Texte intégral
Monsieur le Président,
Monsieur le Ministre,
Monsieur l'Ambassadeur,
Je suis particulièrement heureuse d'être aujourd'hui à Mayence, en Rhénanie Palatinat, à l'invitation d'une association telle que la vôtre, qui s'est assignée la mission, en perpétuant la mémoire de Gustave Stresemann, de promouvoir, à l'intention des nouvelles générations, une formation précieuse aux disciplines internationales, et particulièrement européennes.

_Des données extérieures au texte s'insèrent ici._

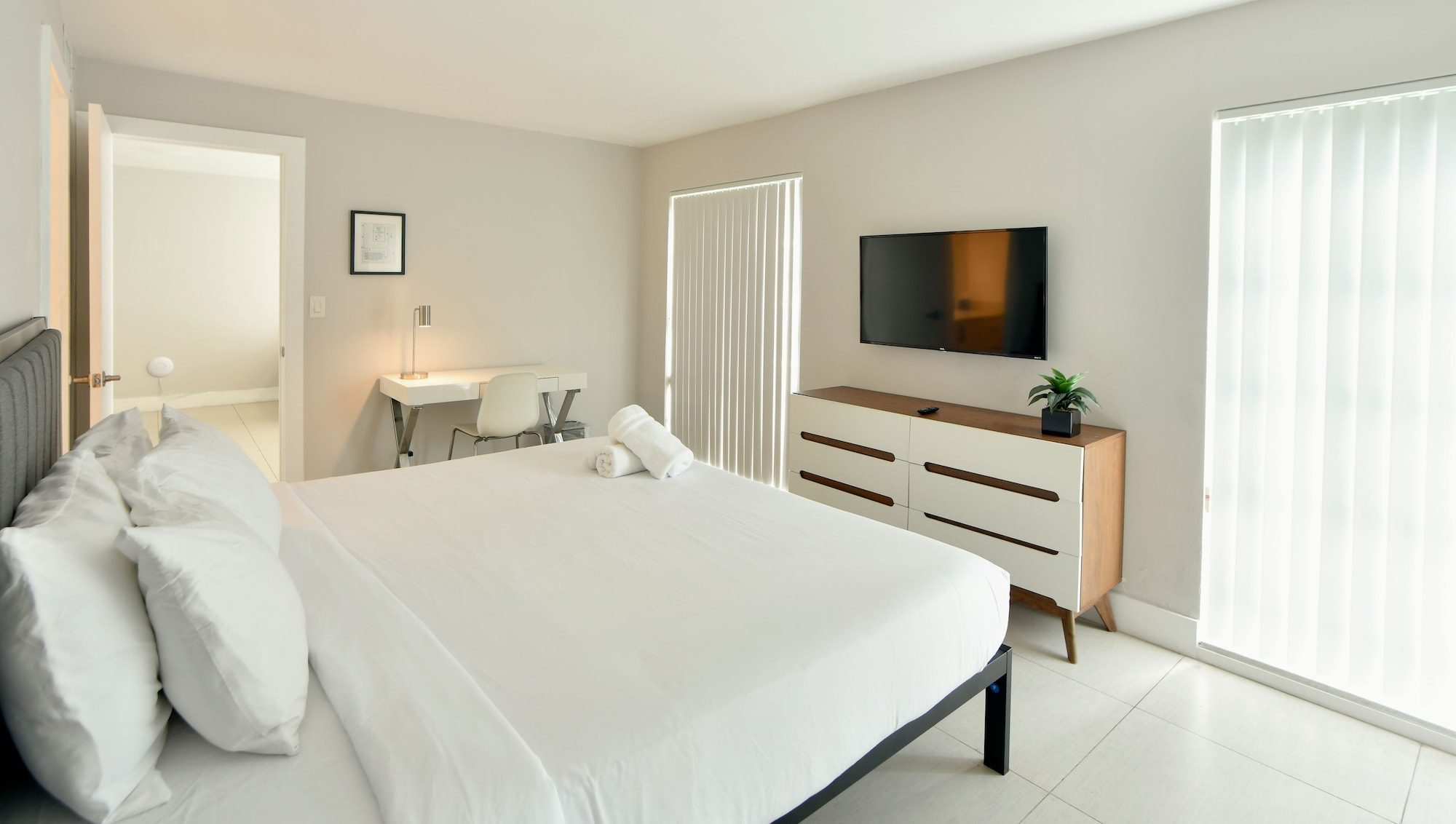 2 BEDROOMS, DESIGNER, DELUXE, APARTMENT, RIVER VIEW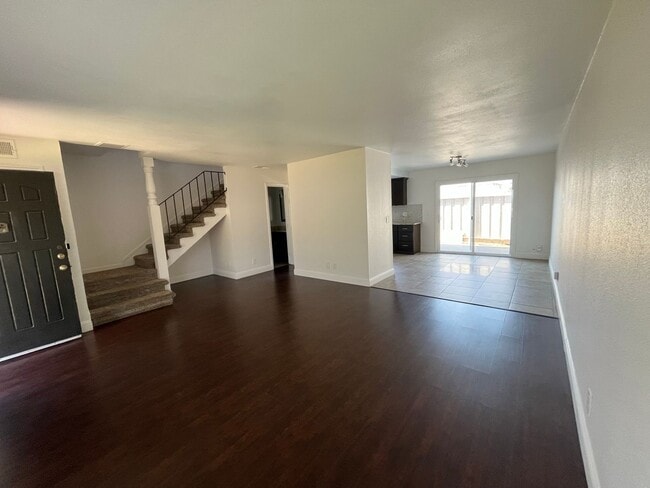Building Photo - Spacious 3 Bedroom 1.5 Bath!!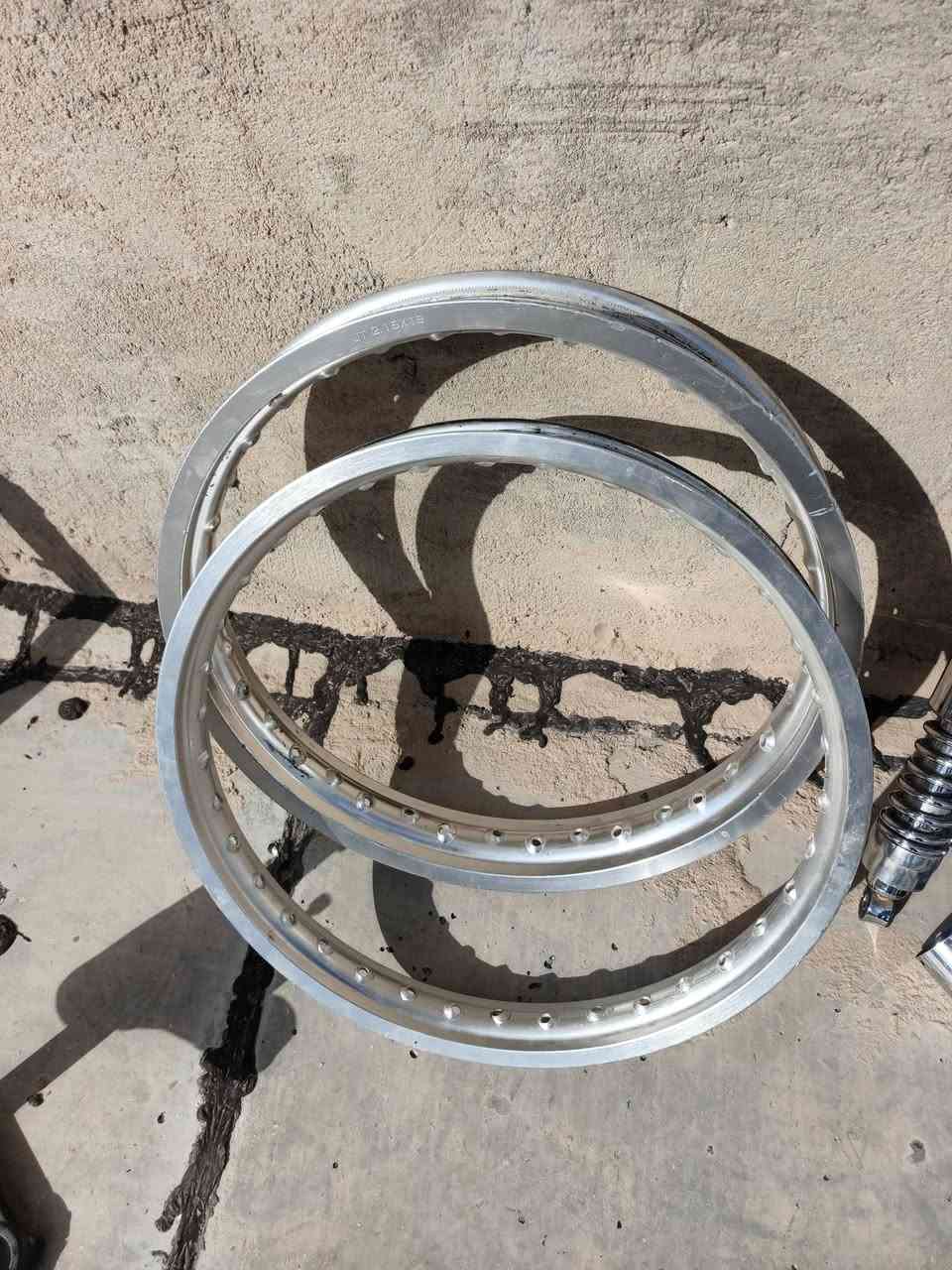 السلام عليكم غراض MZ للبيع العنوان ديالى بلدروز 
***********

Vous comprendrez l'émotion que j'éprouve en recevant cette médaille, lorsque je vous aurais dit que déjà durant la deuxième guerre mondiale, aux heures les plus tragiques de ma vie, il m'arrivait d'imaginer ce qui aurait pu se passer et de penser à tout le malheur qui aurait été évité, si son message qui était aussi celui d'Aristide Briand, avait été entendu et si leur projet lucide et courageux avait pu se réaliser.
L'idée d'une Europe unie loin d'être nouvelle. Du Grand Empire de Charlemagne aux États-Unis d'Europe de Victor Hugo, il n'a pas manqué de plans visionnaires pour mettre fin au morcellement de notre petit continent et aux guerres fratricides entre des peuples périodiquement condamnés à mêler leur sang sur les champs de bataille.

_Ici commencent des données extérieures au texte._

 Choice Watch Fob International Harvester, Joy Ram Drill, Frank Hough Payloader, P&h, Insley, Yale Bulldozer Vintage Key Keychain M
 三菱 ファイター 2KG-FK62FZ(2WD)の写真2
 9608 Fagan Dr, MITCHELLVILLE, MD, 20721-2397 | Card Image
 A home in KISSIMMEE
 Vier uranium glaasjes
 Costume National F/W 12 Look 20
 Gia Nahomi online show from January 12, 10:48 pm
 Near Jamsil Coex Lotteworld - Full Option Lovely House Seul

Pour que l'idée d'Europe prenne sérieusement forme. Il a fallu l'affreuse boucherie des combats de 1914-1918, les millions de morts, les tranchées de Verdun et du chemin des Dames, lieux héroïques mais maudits parce que des générations entières de jeunes gens y ont trouvé la mort.
Il a fallu Stresemann et Briand, osant surmonter les haines et l'idée de revanche pour que l'espoir de réconciliation anime ceux qui ne voulaient pas croire à la fatalité de la guerre et de la mort. Comme l'écrivait Chamberlain en 1935 "Il y eut un grand Allemand et un grand Français qui, sur les ruines d'un passé rouge de sang, ont cherché à élever un temple de la Paix".

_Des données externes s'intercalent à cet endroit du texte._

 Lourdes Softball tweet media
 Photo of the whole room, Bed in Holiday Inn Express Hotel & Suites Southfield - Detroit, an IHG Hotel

Peut-être était-il alors trop tôt alors pour qu'ils y parviennent, peut-être fallait-il que l'Europe aille jusqu'au bout de l'horreur et de la barbarie pour que ce dessein enfin s'accomplisse.
C'est pourtant leur exemple qui inspira, après la deuxième guerre mondiale, ceux qui cherchèrent à reconstruire l'entente franco-allemande dans le cadre européen et dans la démocratie. Au cœur de la renaissance de l'idée européenne, il y eût en effet, la certitude que l'avenir de l'Europe passait par la réconciliation franco-allemande.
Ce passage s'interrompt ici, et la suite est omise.